# Available records:
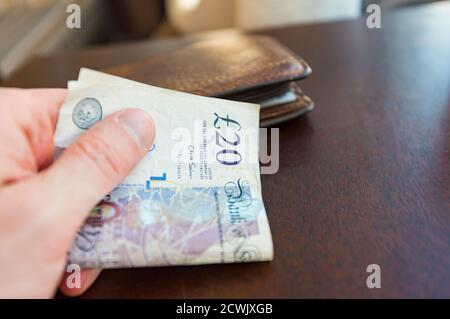 Man paying by 20 pound notes at cafe or shop in London Stock Photo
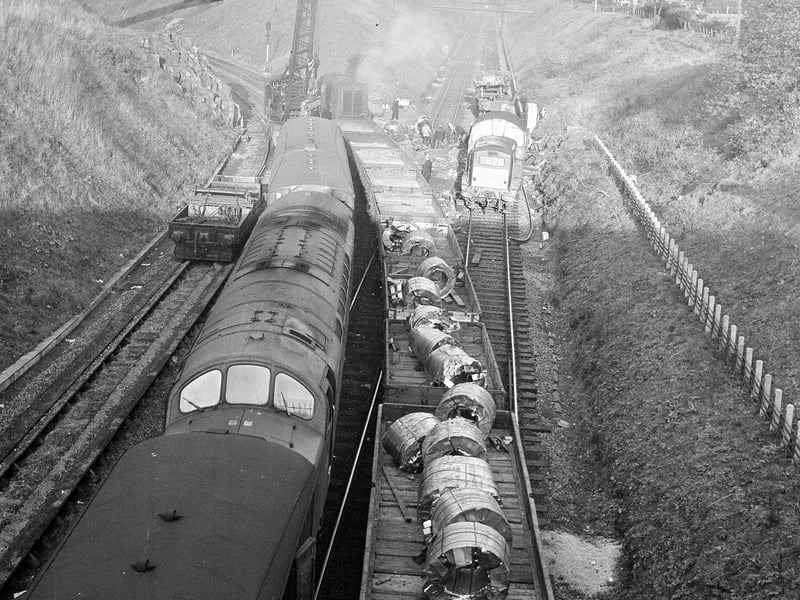 Workmen clearing up the wreckage of a diesel freight train after it crashed into an embankment near Craiglockhart station in October 1964.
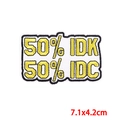 Embroidered 50% IDK 50% IDC rectangular patch with yellow lettering on white fabric - White Black Border 50% IDK 50% IDC (PE8729CT)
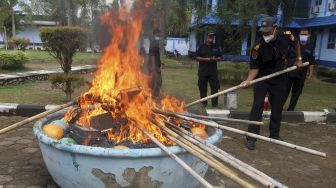 Petugas membakar tumpukan jaring dan peralatan kapal pencuri ikan saat giat pemusnahan di Stasiun PSDKP Pontianak, Kabupaten Kubu Raya, Kalimantan Barat, Kamis (25/3/2021). [ANTARA FOTO/Jessica Helena Wuysang]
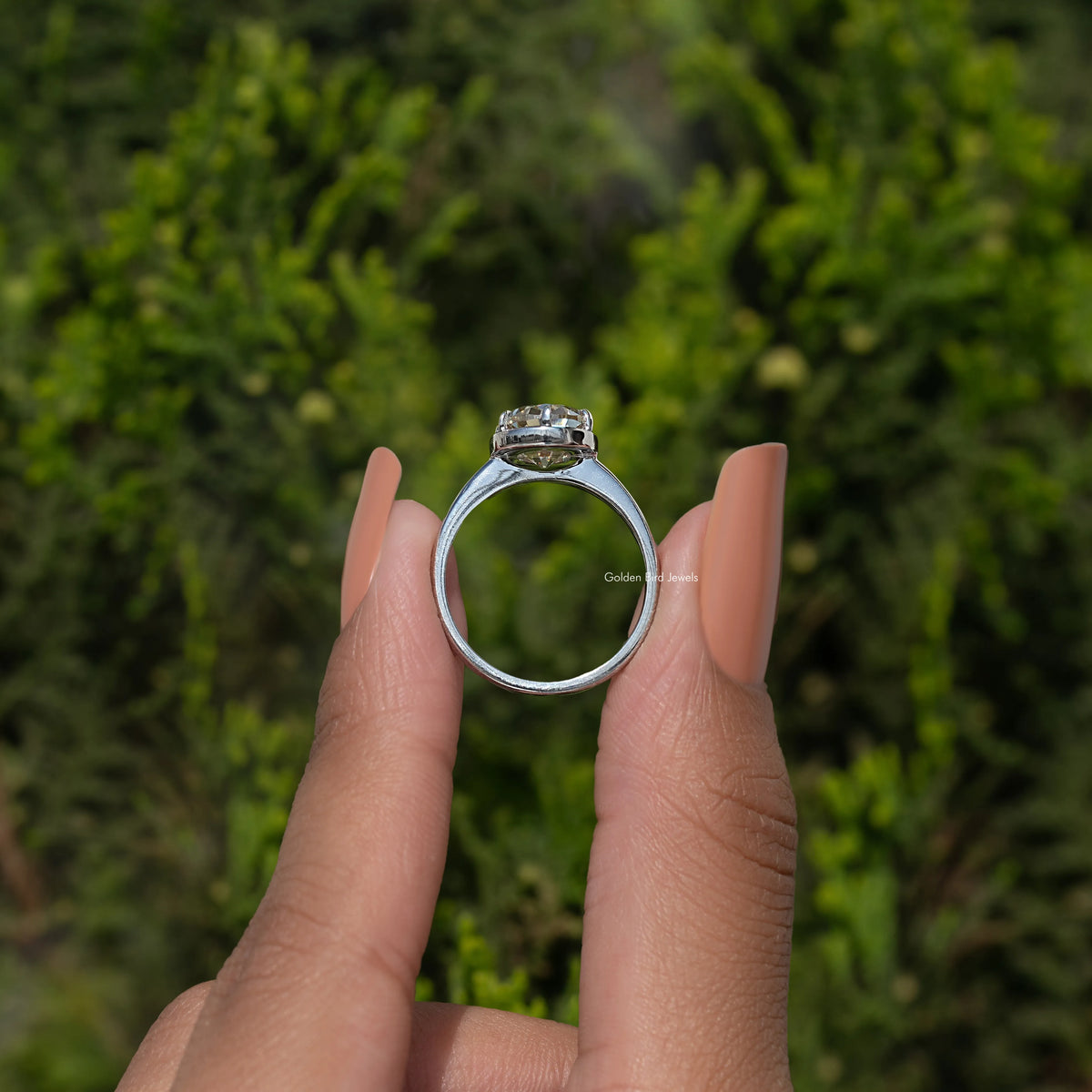 Silver oval moissanite solitaire ring, full view of band and prong setting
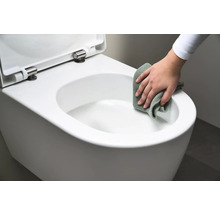 Iemand maakt een wit hangtoilet schoon met een doek.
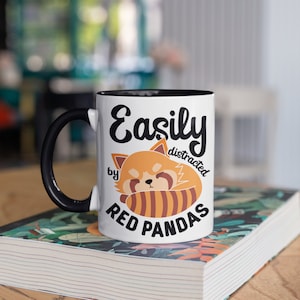 Peut inclure: Mug en c&eacute;ramique blanche avec une anse et un int&eacute;rieur noirs. Le mug affiche le texte "Easily distracted by Red Pandas" avec une illustration de panda roux. Le mug est pos&eacute; sur un livre &agrave; motifs floraux.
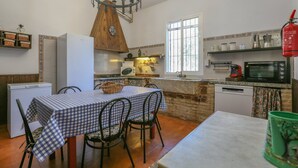 A compact kitchen with a dining area, a clock, a window, and a fire extinguisher. - Casa rural Navalonguilla Santa Olalla del Cala by Ruralidays (Huelva)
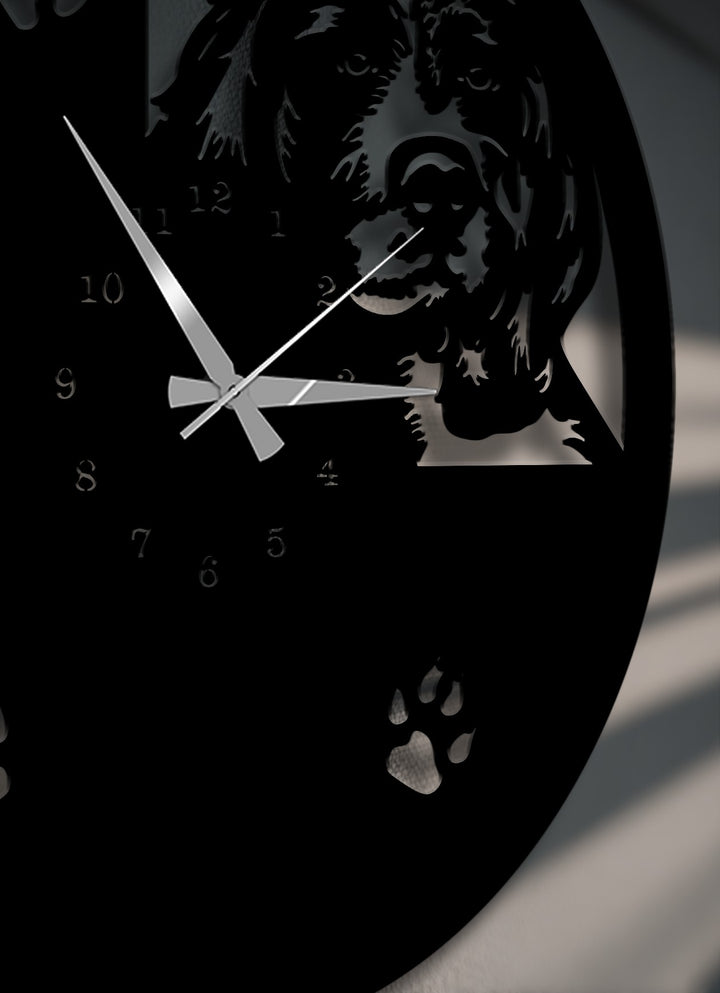 The deeply desaturated decorative metal art wall clock displays a striking black dog silhouette and paw print design with silver hands.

# Aim of the task:
Take the material above from the line containing "Embroidered 50% IDK" up to and including the line containing "Iemand maakt een" and retype it exactly, without any pictures.

# Written reply:
 Embroidered 50% IDK 50% IDC rectangular patch with yellow lettering on white fabric - White Black Border 50% IDK 50% IDC (PE8729CT)
 Petugas membakar tumpukan jaring dan peralatan kapal pencuri ikan saat giat pemusnahan di Stasiun PSDKP Pontianak, Kabupaten Kubu Raya, Kalimantan Barat, Kamis (25/3/2021). [ANTARA FOTO/Jessica Helena Wuysang]
 Silver oval moissanite solitaire ring, full view of band and prong setting
 Iemand maakt een wit hangtoilet schoon met een doek.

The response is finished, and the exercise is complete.